Membantu individu mengatasi culture shock dan memfasilitasi proses adaptasi mereka dalam lingkungan baru menjadi hal yang penting. Yacinta Kurniasih yang bekerja pada Akademis Kajian Indonesia di Monash University, Australia mengatakan bahwa pelayanan untuk mahasiswa internasional sekarang telah dilengkapi dengan bantuan dari aspek psikologi meskipun masih bisa dioptimalkan. "Fasilitas dari universitas sudah lebih baik, namun mereka masih harus memperhatikan perbedaan bahasa dan budaya bagi pelajar internasional. Hanya sebagian mahasiswa internasional yang memanfaatkan fasilitas yang sebenarnya sudah termasuk biaya kuliah. Mahasiswa kurang mendapatkan informasi kalau sakit harus kemana. Padahal dari masalah bahasa hingga akomodasi sebenarnya bisa dibantu. Mahasiswa Indonesia pasti ada yang menghadapi kondisi mental tersebut selama studi (ABC Australia, 2018). Kasus lainnya misalnya seorang mahasiswi yang bernama Elshaday Pigai. Dia studi di University of Arizona, Amerika. Dia mengaku cukup berat untuk beradaptasi. Culture shock pertama ia adalah perihal makanan. Ia mengaku sulit menerima makanan yang jauh cita rasanya dengan Indonesia. Dia juga mesti beradaptasi dengan cuaca. Sebab matahari disana muncul hampir sepanjang tahun dan mencapai suhu terpanas di 43°C (Putra, 2023).
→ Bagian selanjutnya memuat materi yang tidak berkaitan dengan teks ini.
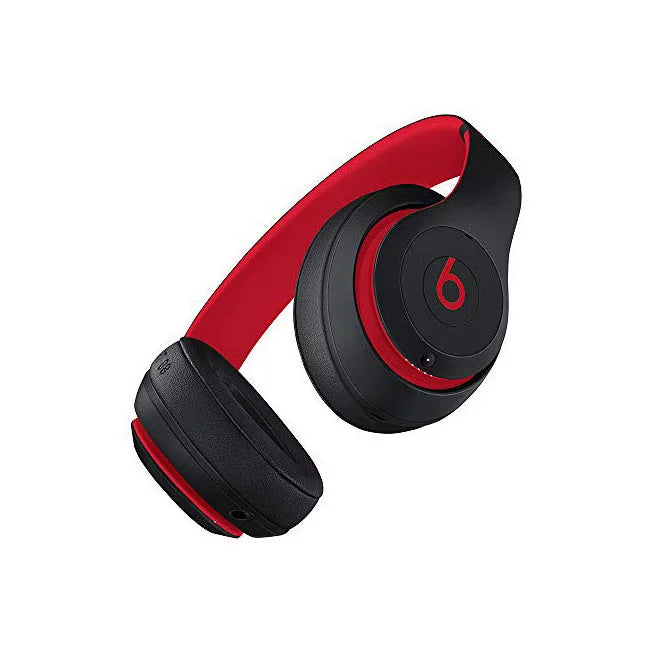 Beats Studio3 Wireless Over-Ear Headphones - Decade Collection - Defiant Black & Red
Mahasiswa baru biasanya menghadapi kesulitan dalam menyesuaikan diri dengan kuliah karena rindu rumah, melakukan interaksi sosial di lingkungan baru, dan kendala dalam mengatur waktu (Ababu et al. 2018). Individu dengan kerinduan jangka panjang berpotensi mengalami kesepian, isolasi sosial, depresi, masalah ingatan, bahkan sistem kekebalan tubuh yang lemah. Sehingga, menurunkan motivasi untuk berinteraksi dengan lingkungan sekitar (Thurber & Walton, 2012). Adaptasi terhadap perbedaan budaya yang signifikan bukanlah hal yang mudah. Dalam konteks adaptasi kultural, ada pandangan tentang tahapan yang dialami individu ketika menghadapi culture shock. Dikatakan bahwa individu yang terpapar dengan budaya baru akan melewati empat tahap. Tahap pertama yaitu keterkejutan. Ini adalah reaksi awal individu terhadap perbedaan budaya yang mengejutkan bagi mereka. Kemudian, individu akan memasuki tahap penolakan dimana mereka cenderung menolak atau menghindari budaya baru tersebut. Tahap selanjutnya yaitu koreksi dimana individu mulai berusaha memahami dan menerima perbedaan budaya tersebut. Proses koreksi ini penting untuk membantu individu menyesuaikan diri dengan lingkungan baru secara lebih efektif. Terakhir adalah tahap akomodasi yang menandai keberhasilan individu dalam beradaptasi dengan budaya baru dan merasa nyaman dengan lingkungan tersebut (Simmel, 1911).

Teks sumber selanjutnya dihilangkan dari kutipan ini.